We know God's nature; it's love. We know this through God's self revelation to us and our empirical experience of God's presence. It's a false dilemma. There is no dilemma. God moves to bring people into the sphere of his love. God is about love; this furnishes the background of the moral universe. He doesn't just hand down laws from on high,they are not arbitrary whims. The real problem of the dilemma is that on the one hand if good is just God's command with no independent standard then God is arbitrary and good is just a whim. If God is independent of the standard then he's not fully in charge and so is not God. The position I have taken resolves the problem because it says God's commands are not independent of Go but neither are they arbitrary whims, they are manifestations of purpose and wisdom in creation which harken form God's loving nature, that is the basis of the good.

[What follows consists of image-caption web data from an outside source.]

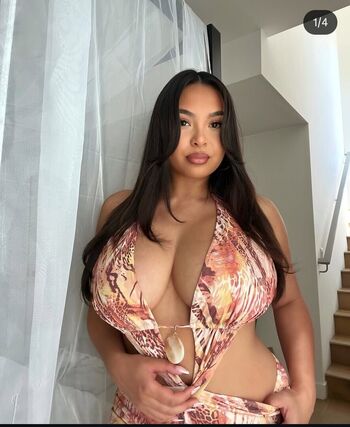 Full leaked Linda vo page private onlyfans photo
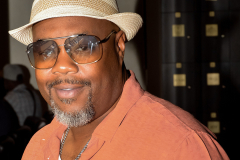 1080-MFW-Sterling-Stevenson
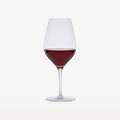 Spiegelau Authentis Wijnglas 42 Cl - 12 Stuks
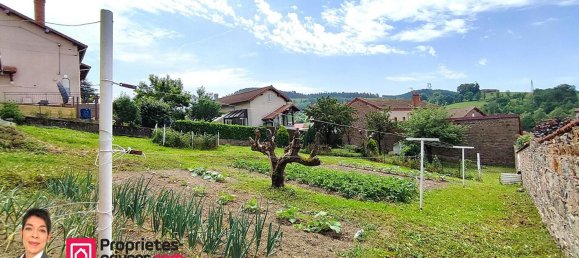 5 bedrooms Apartment in Rhone, France No. 280262 2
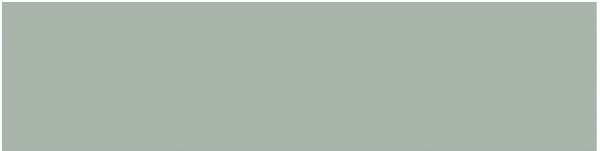 Плитка Cifre Timeless Jade C2 7,5x30 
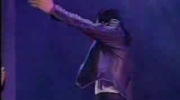 The Best Of Michael Jackson's Performance - Heal The World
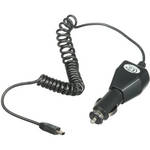 Aiptek 12V Mini-USB Car Charger
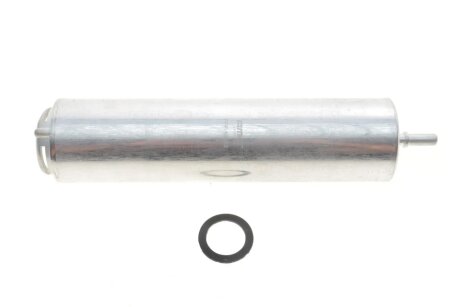 Фільтр паливний KAVO FFF-10302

That is an answer we could not get from the Geek gods.

The rule keeping aspect of morality didn't work, and God tells us it didn't work (of he knew it wouldn't it was only a a ruse to show us why we have to internalize the values of the good--see Jer. 31/Heb 1:1). We employ the moral law placed inside us and we filter it through cultural constructs. That's what makes ethical and the morality of a culture, but the background against which all ethical moves are played out is God's divine love, aka agape. 2) God's nature is an object separate from his will,
conjecture not in evidence. That is merely the upshot of the subject/object dichotomy. He needs to learn some phenomenology becuase that just reduces God to an object. We can experience God's nature. We may not understand it intellectually but we can experience and we can intuit it. That's what mystics are about.

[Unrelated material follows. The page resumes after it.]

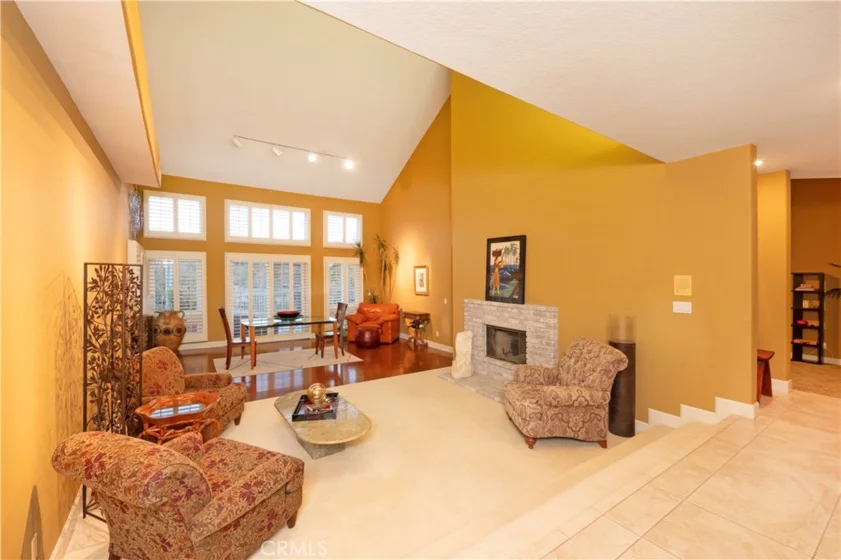 1804 Prince Albert Drive photo 21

Mike asserts: "This is perhaps the only way out for the apologist, to claim that the Good is essentially unknowable for humans." God is beyond our understanding but that doesn't mean he's unknowable. you are confusing experiential knowledge with book learning and facts.

Mike WC
This does not solve the logical problem of there being a gap between God's commands and the source of those commands, however. Humans would be incapable of bypassing God's commands and revelation, but this is not because of a logical impossibility, but rather the infinitude of humanity.
Again he asserts a gap without giving us any reason to think there is one. He can imagine one based upon skepticism that is a far cry from proving there is one. It's just a product of his hermeneutic of skepticism. Logically linking God's commands to his nature f love resolves the problem complete because it means the standards is not separate from God nor is it an arbitrary whim, and there is basic reason ever given to imagine a gap. What I've said aboe about love as the background of the moral universe shows that a gap is not really possible becuase the whole concept of the moral apart form God's love is impossible. It would have no meaning as a moral universe. The moral law that God has placed upon our hearts is God's command in line with God's nature, God is not forging a moral law as a subject of higher power but is translating what is in his heart. speaking metaphorically of "heart."

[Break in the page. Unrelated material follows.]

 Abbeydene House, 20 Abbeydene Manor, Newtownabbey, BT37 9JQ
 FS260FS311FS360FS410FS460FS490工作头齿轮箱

The knowability issue is not really much of an issue. God is beyond our understanding intellectually but that's kind of knowledge we need to live morally. The kind of knolwedge we need is empirical knowledge of God's love and revelation knowledge of god's commands, although that is placed on the heart is available though natural theology. There are many theological methods and systems that would answer this arguemnt. One of them majors is the Eastern orthodox concept of mystical union which turns upon apoplectic theology (negative--don't say that it is but what ti's not).

Euthyphro dilemma is only an issue where God is contingent and there is a higher power. There is no higher power than the eternal necesasry aspect of being. In the OT he's called "I Am." In the NT he's called "Our father who art in Heaven."